- TASK GOAL:
In the records below, find the line with "Some time ago" and the line with "The biggest thing"; return exactly those lines and every line between them.
+++
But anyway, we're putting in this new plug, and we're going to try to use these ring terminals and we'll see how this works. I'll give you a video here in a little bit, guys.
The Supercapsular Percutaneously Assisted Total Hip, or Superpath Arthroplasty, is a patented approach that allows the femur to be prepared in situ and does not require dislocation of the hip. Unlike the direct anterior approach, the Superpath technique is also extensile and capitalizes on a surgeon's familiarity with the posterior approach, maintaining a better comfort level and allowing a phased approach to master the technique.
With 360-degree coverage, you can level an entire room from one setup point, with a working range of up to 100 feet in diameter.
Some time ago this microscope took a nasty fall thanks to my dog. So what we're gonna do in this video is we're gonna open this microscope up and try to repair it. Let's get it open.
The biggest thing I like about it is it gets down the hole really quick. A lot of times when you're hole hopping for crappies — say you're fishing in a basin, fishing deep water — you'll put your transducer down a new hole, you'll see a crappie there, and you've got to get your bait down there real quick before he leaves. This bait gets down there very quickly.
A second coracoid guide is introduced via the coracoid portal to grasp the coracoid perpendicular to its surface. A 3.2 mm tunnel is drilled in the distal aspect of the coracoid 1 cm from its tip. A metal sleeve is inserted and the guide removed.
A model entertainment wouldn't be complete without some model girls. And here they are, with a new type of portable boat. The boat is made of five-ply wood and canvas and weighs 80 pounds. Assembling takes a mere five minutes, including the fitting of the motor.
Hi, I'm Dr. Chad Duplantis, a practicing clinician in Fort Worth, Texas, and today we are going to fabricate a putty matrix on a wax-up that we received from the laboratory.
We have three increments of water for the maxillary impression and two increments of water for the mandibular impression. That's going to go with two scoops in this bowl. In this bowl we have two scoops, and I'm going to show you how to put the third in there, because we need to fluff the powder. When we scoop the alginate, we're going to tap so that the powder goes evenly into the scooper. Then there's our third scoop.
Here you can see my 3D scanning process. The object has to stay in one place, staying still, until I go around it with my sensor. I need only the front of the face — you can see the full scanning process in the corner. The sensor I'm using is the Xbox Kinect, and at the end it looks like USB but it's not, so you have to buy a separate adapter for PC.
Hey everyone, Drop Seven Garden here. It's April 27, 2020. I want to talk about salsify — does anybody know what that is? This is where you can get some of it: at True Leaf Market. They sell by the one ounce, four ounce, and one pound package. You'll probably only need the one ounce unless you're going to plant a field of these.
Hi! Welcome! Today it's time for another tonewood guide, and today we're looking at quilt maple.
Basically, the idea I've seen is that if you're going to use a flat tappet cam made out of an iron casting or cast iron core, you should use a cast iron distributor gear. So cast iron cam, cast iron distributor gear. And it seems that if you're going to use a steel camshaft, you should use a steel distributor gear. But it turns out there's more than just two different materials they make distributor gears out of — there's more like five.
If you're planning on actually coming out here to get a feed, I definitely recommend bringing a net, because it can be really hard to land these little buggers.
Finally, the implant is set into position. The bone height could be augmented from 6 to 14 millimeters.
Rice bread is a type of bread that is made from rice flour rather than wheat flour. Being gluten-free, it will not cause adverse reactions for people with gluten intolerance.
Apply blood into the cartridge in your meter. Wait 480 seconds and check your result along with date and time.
+++
- OUTPUT FOR THIS TASK:
Some time ago this microscope took a nasty fall thanks to my dog. So what we're gonna do in this video is we're gonna open this microscope up and try to repair it. Let's get it open.
The biggest thing I like about it is it gets down the hole really quick. A lot of times when you're hole hopping for crappies — say you're fishing in a basin, fishing deep water — you'll put your transducer down a new hole, you'll see a crappie there, and you've got to get your bait down there real quick before he leaves. This bait gets down there very quickly.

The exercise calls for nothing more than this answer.